Task: Starting with the line that contains "CADEN Table Ceramic", copy each line exactly through the end of the listing, and omit all pictures.

Data records:
_ _ _ _

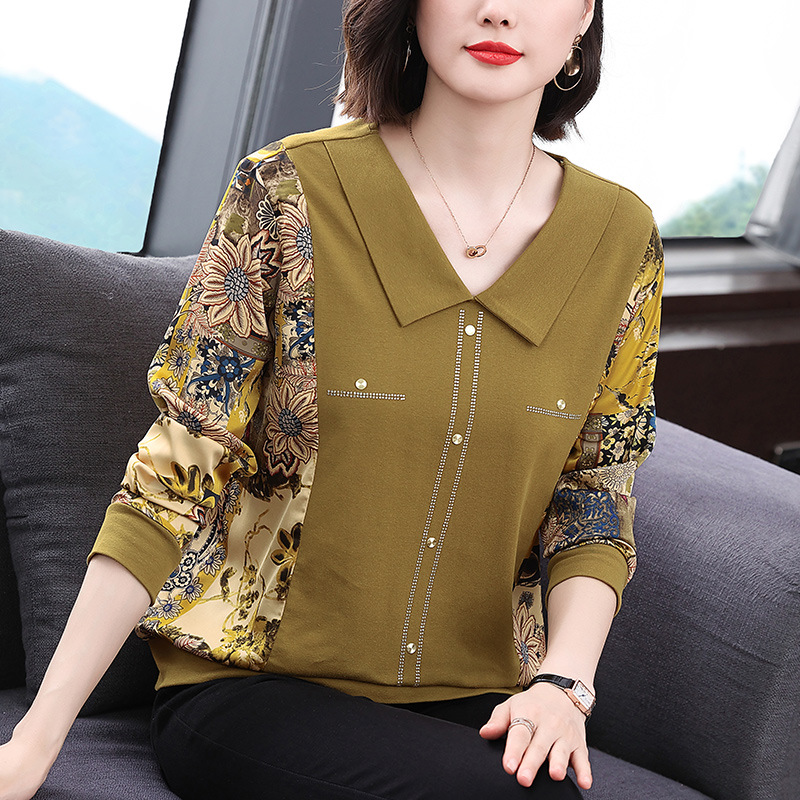 Middle-Aged Mom Style Long-Sleeved T-shirt Women's 2024 Spring New Polo Collar Stitching Loose Middle-Aged and Elderly Women's Clothing Western Style Top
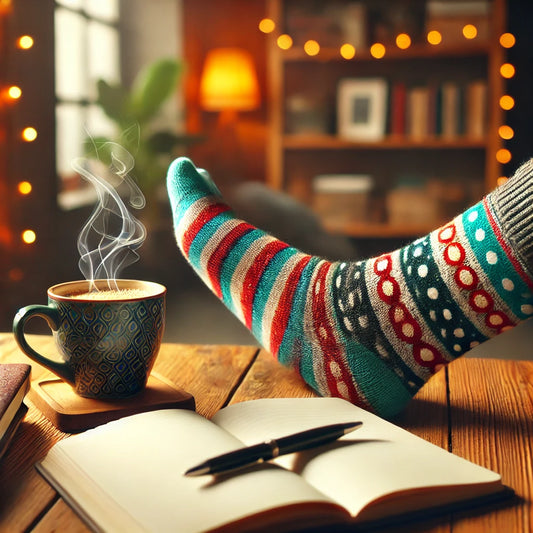 Bunte Socke auf Tisch mit Kaffee und Notizbuch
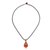 Chalcedony macrame pendant necklace, 'Heartfelt Wish' - Orange Chalcedony Pendant Necklace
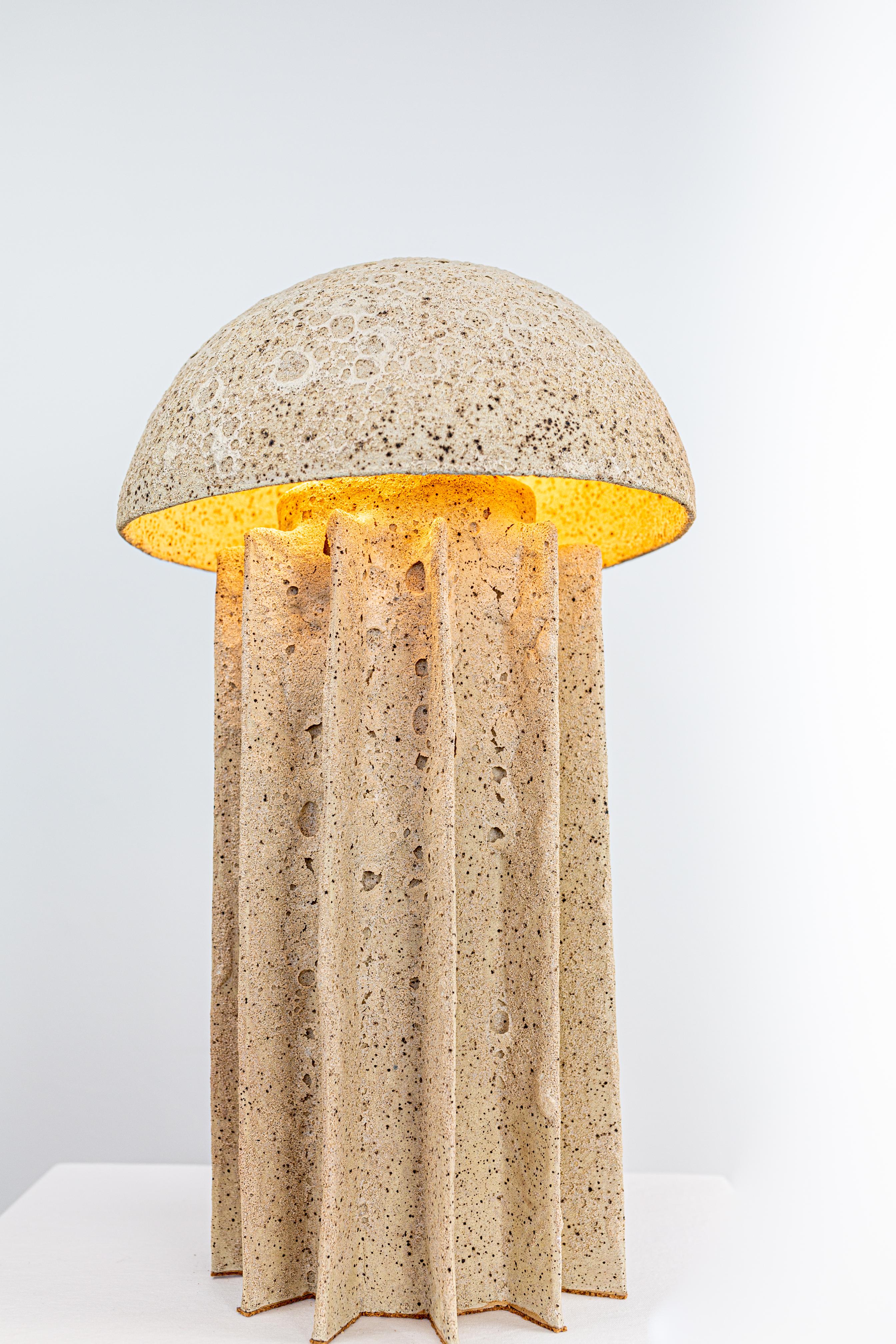 CADEN Table Ceramic Dome Lamp, Highly Textured Light Lava Glaze by Kalin Asenov For Sale 1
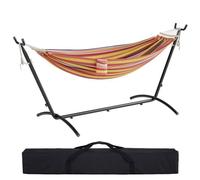 Mondeer Hamac avec Support, Double Bohème hamac sur Pied Portable avec Cadre Robuste Réglable, Charge Maximale 270kg, Adapté Terrasses Extérieures, Patios Jardins (Rouge)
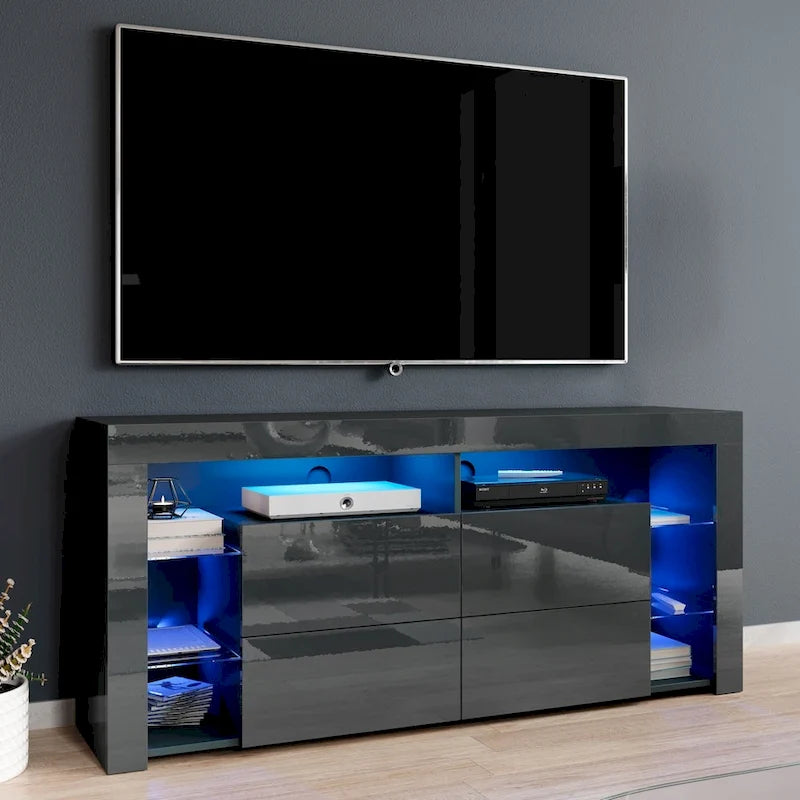 Glanzend tv-meubel van 61" met ledverlichting, neerklapbare kasten en open planken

_ _ _ _

Your response:
 CADEN Table Ceramic Dome Lamp, Highly Textured Light Lava Glaze by Kalin Asenov For Sale 1
 Mondeer Hamac avec Support, Double Bohème hamac sur Pied Portable avec Cadre Robuste Réglable, Charge Maximale 270kg, Adapté Terrasses Extérieures, Patios Jardins (Rouge)
 Glanzend tv-meubel van 61" met ledverlichting, neerklapbare kasten en open planken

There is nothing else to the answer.